§ DATA
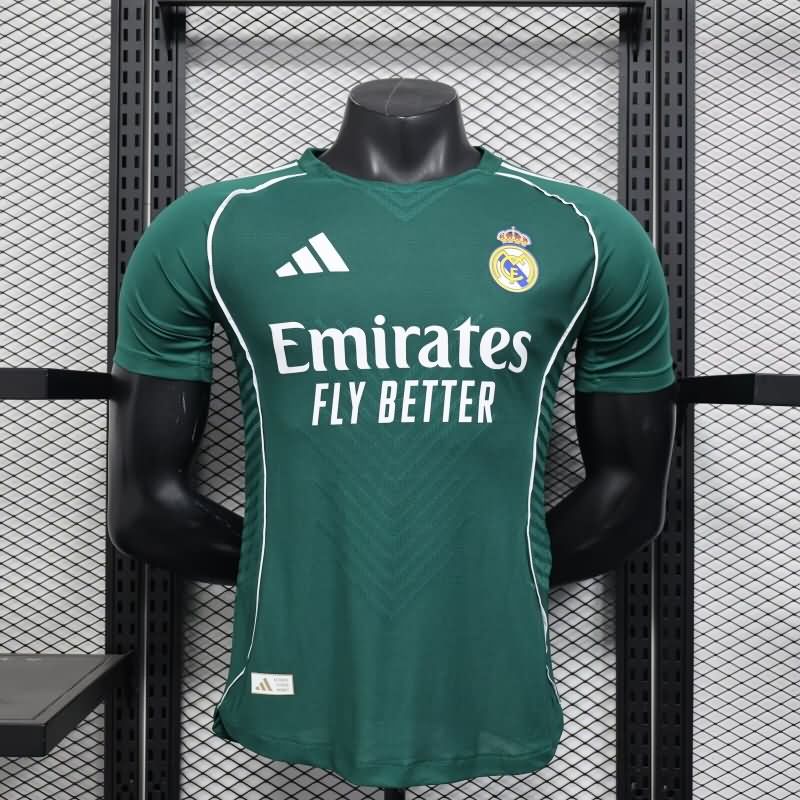 AAA Quality Real Madrid 24/25 Special Soccer Jersey (Player) 71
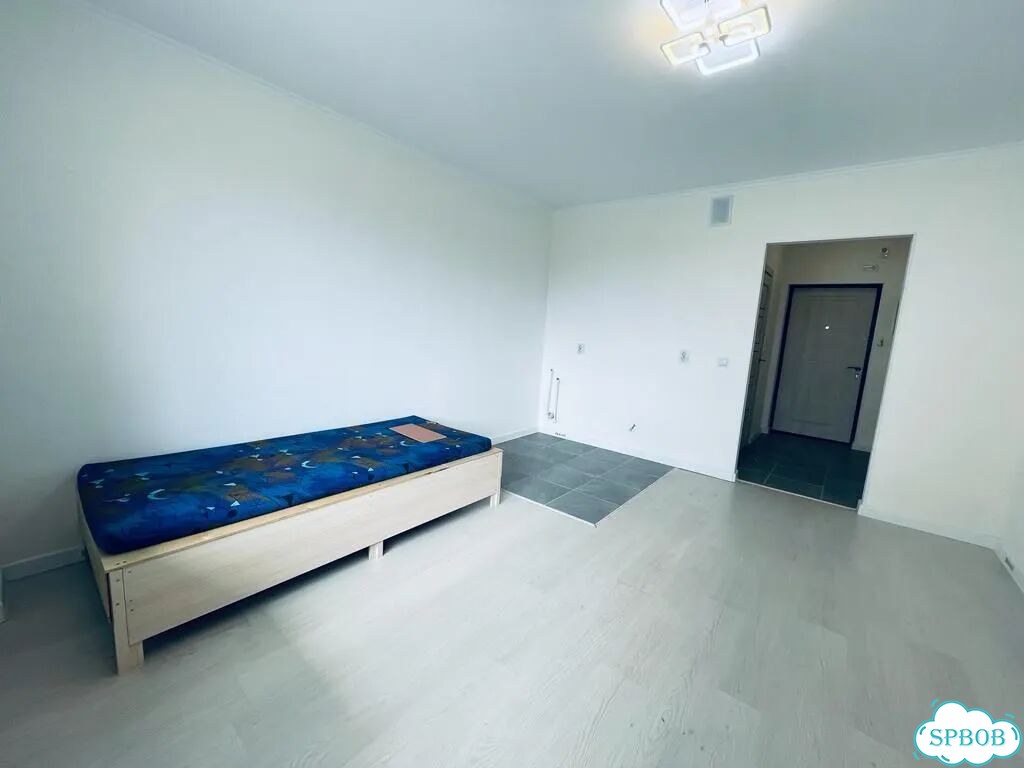 Квартира-студия, 28,3 м², 2/12 эт. фото 5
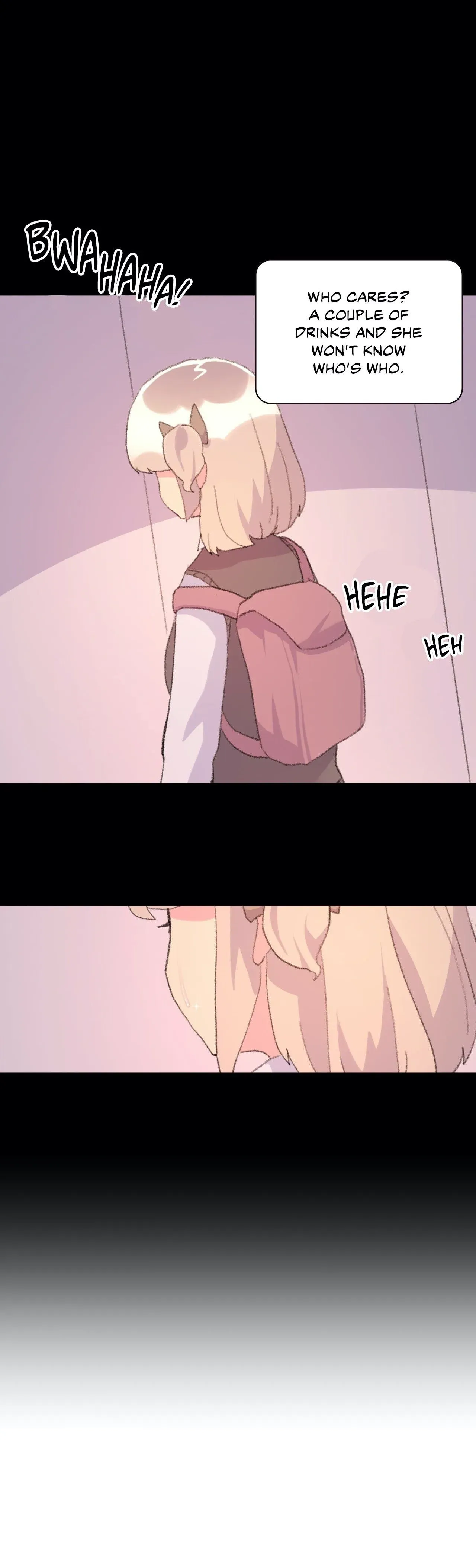 Read Sneak Peek chapter 27 image 33 on Lezhin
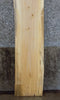 Thumbnail for Salvaged Live Edge Cottonwood Table Top Slab CLOSEOUT 39375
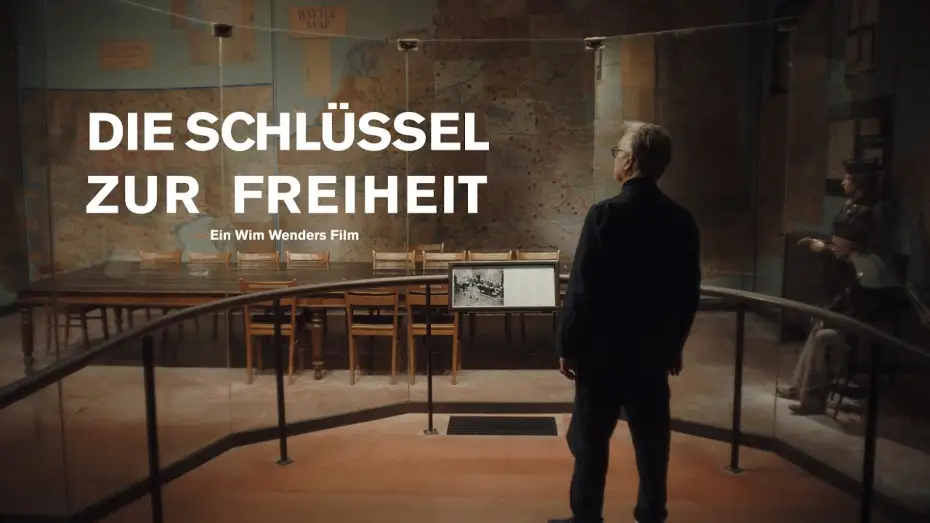 Wideo do filmu Die Schlüssel zur Freiheit — Kurzfilm Wim Wenders: Die Schlüssel zur Freiheit
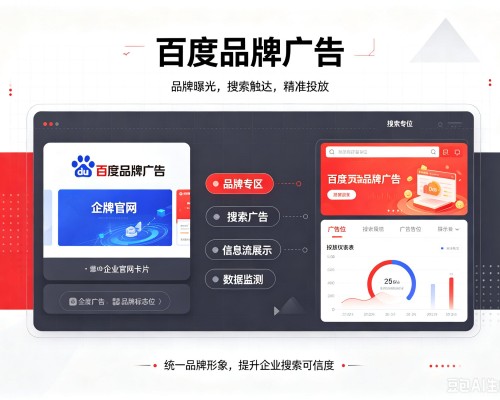 瓦房店百度品牌广告
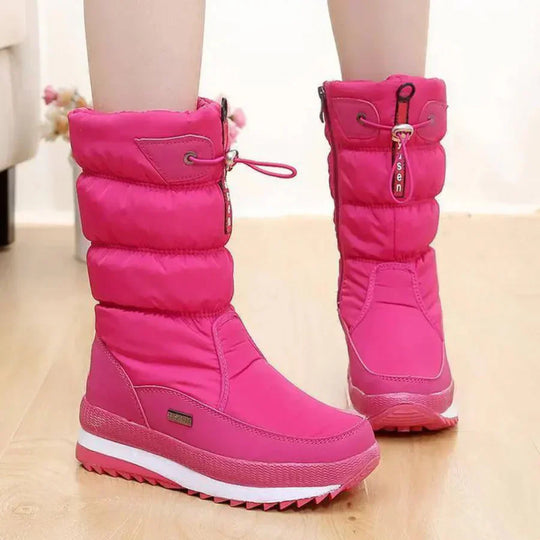 R&B | Winterglücks-Stiefeletten für Frauen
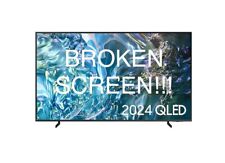 Samsung qe55q60dau smart for sale  STOKE-ON-TRENT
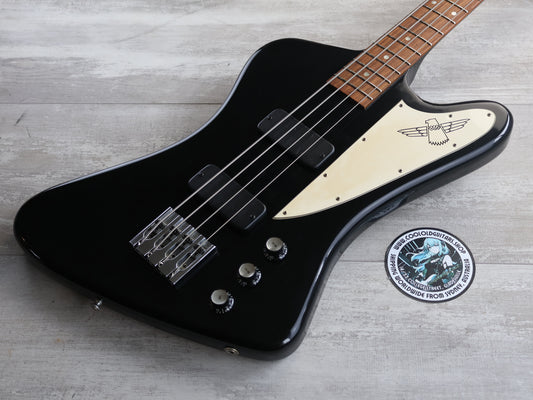 2006 Gibson USA Thunderbird Studio Bass (Ebony)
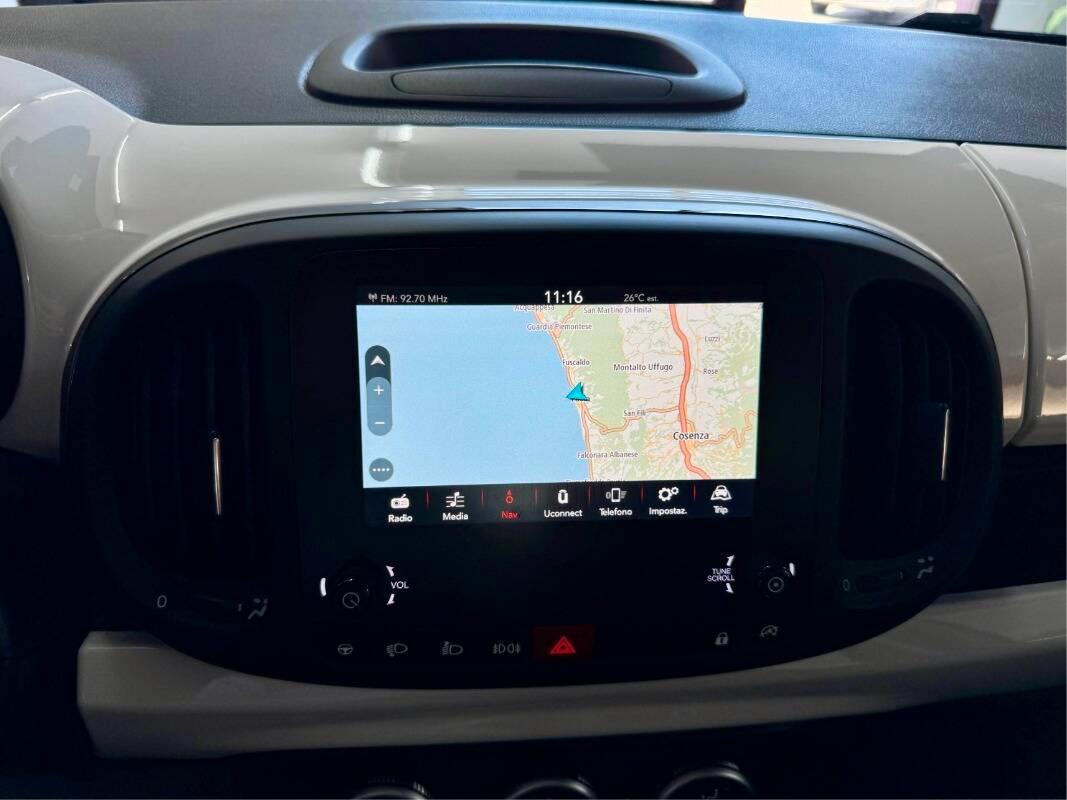 Fiat 500 L 1.6 mjt Urban 120cv my19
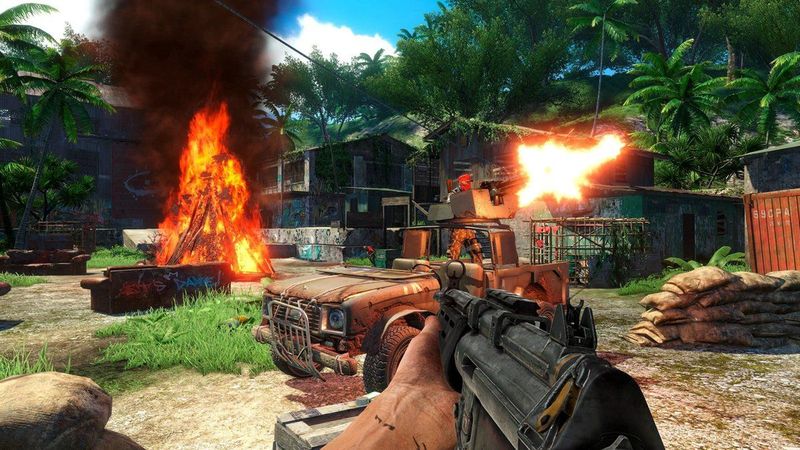 Far Cry 3 Classic Edition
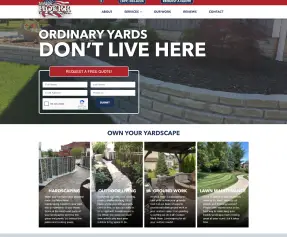 Mark Hoerr Landscaping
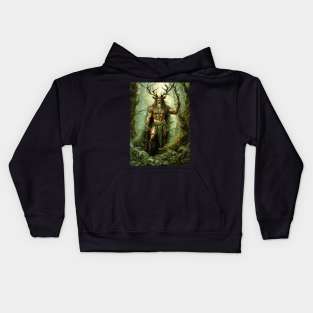 Cernunnos Kids Hoodie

§ ASSIGNMENT
Starting with the line that has "Квартира-студия, 28,3 м², 2/12 эт. фото 5" and ending with the line that has "Fiat 500 L 1.6 mjt Urban 120cv my19", repeat the lines above exactly, omitting every picture.

§ ANSWER TO THIS TASK
 Квартира-студия, 28,3 м², 2/12 эт. фото 5
 Read Sneak Peek chapter 27 image 33 on Lezhin
 Thumbnail for Salvaged Live Edge Cottonwood Table Top Slab CLOSEOUT 39375
 Wideo do filmu Die Schlüssel zur Freiheit — Kurzfilm Wim Wenders: Die Schlüssel zur Freiheit
 瓦房店百度品牌广告
 R&B | Winterglücks-Stiefeletten für Frauen
 Samsung qe55q60dau smart for sale  STOKE-ON-TRENT
 2006 Gibson USA Thunderbird Studio Bass (Ebony)
 Fiat 500 L 1.6 mjt Urban 120cv my19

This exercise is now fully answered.